The EFF’s Parker Higgins makes the case that DRM in general makes us less secure,
But while it may not be as intuitive yet, DRM on digital media that you don’t own is also a major threat. Whether it’s books from the public library, streaming songs from Spotify, or TV shows from Netflix, wrapping media in DRM software—especially when it brings with it a cloud of legal uncertainty—is not just a bad way to enforce license contracts; it’s also a danger to our rights and our security.
That’s because DRM in any form requires us to give up control over our own devices to the companies distributing the media. That proposition ranges from unpalatable on a gaming console, to repulsive on laptops and phones loaded with sensors and personal info, to truly alarming when those computers are embedded in machines we trust with our safety.
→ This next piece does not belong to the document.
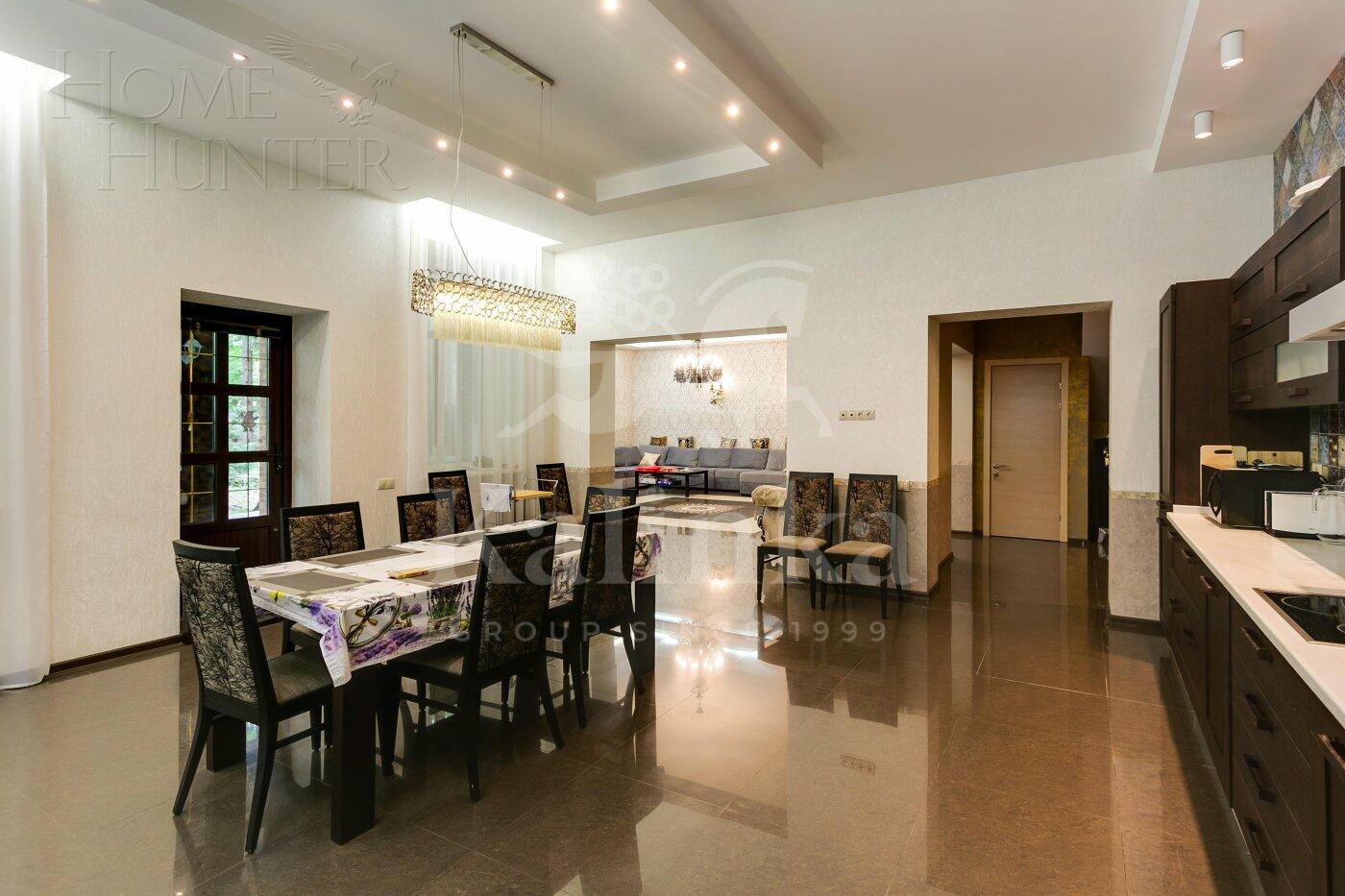 2-этажный коттедж 860 м² с отделкой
These aren’t speculative possibilities, either; in the most recent round of rulemaking on DRM-enforcement laws, EFF requested (and was granted) an exemption for security research on the computers in cars. Just last month we filed a complaint with the FDA about DRM restrictions inmedical devices. The threat of a DRM “lockdown” of our critical devices, forcing us to give up ownership of our technology in the misguided pursuit of limiting copies or enforcing contractual limitations, is very real, and only getting more so.
Those problems are fundamental to DRM and the legal and technical structures that support it. They are just as pronounced when the DRM is designed to enforce unacceptable limitations on ownership as when they hew closely to agreed-upon restrictions. Even if we never encounter the device that won’t play our music or the video game that stops working when the DRM servers shut down, we still give up something crucially important when we allow media to come wrapped in unaccountable software.